To define RecursiveTasks you need only implement its single abstract method, compute:

protected abstract R compute();

This method defines both the logic of splitting the task at hand into subtasks and the algorithm to produce the result of a single subtask when it’s no longer possible or convenient to further divide it. For this reason an implementation of this method often resembles the following pseudocode:

if (task is small enough or no longer divisible) {
    compute task sequentially
} else {
    split task in two subtasks
    call this method recursively possibly further splitting each subtask
    wait for the completion of all subtasks
    combine the results of each subtask
}

Divide and conquer algorithms

A divide and conquer algorithm works by recursively breaking down a problem into two or more sub-problems of the same or related type, until these become simple enough to be solved directly. The solutions to the sub-problems are then combined to give a solution to the original problem.

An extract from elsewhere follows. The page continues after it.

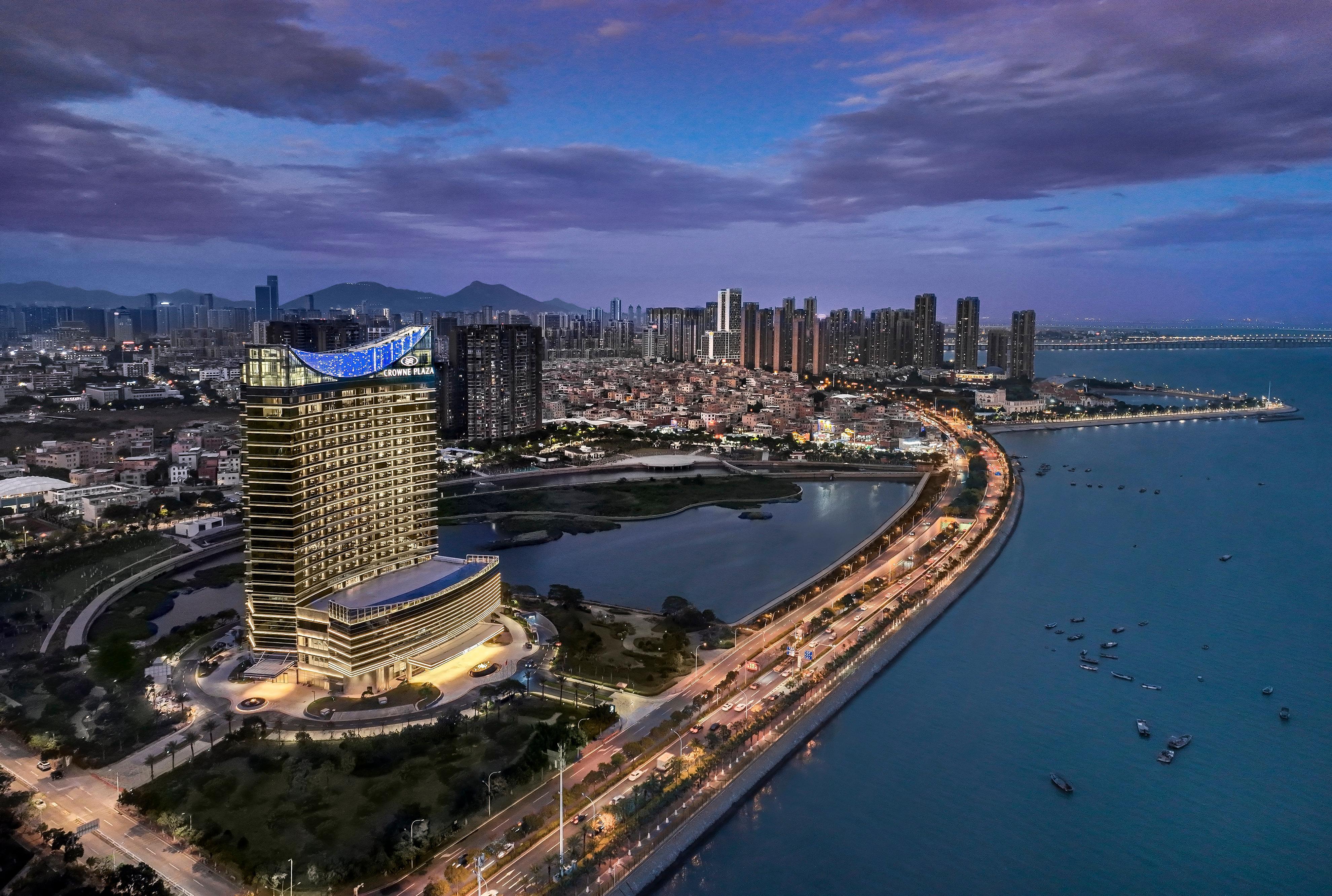 Holiday Inn Chongqing Guanyinqiao By Ihg Bagian luar foto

divide and conquer algorithm

work-stealing algorithm

The work-stealing algorithm is used to redistribute and balance the tasks among the worker threads in the pool.

work-stealing algorithm

Best practices for using the fork/join framework

  • Invoking the join method on a task blocks the caller until the result produced by that task is ready. For this reason, it’s necessary to call it after the computation of both subtasks has been started. Otherwise, you’ll end up with a slower and more complex version of your original sequential algorithm because every subtask will have to wait for the other one to complete before starting.
  • The invoke method of a ForkJoinPool shouldn’t be used from within a RecursiveTask . Instead, you should always call the methods compute or fork directly; only sequential code should use invoke to begin parallel computation.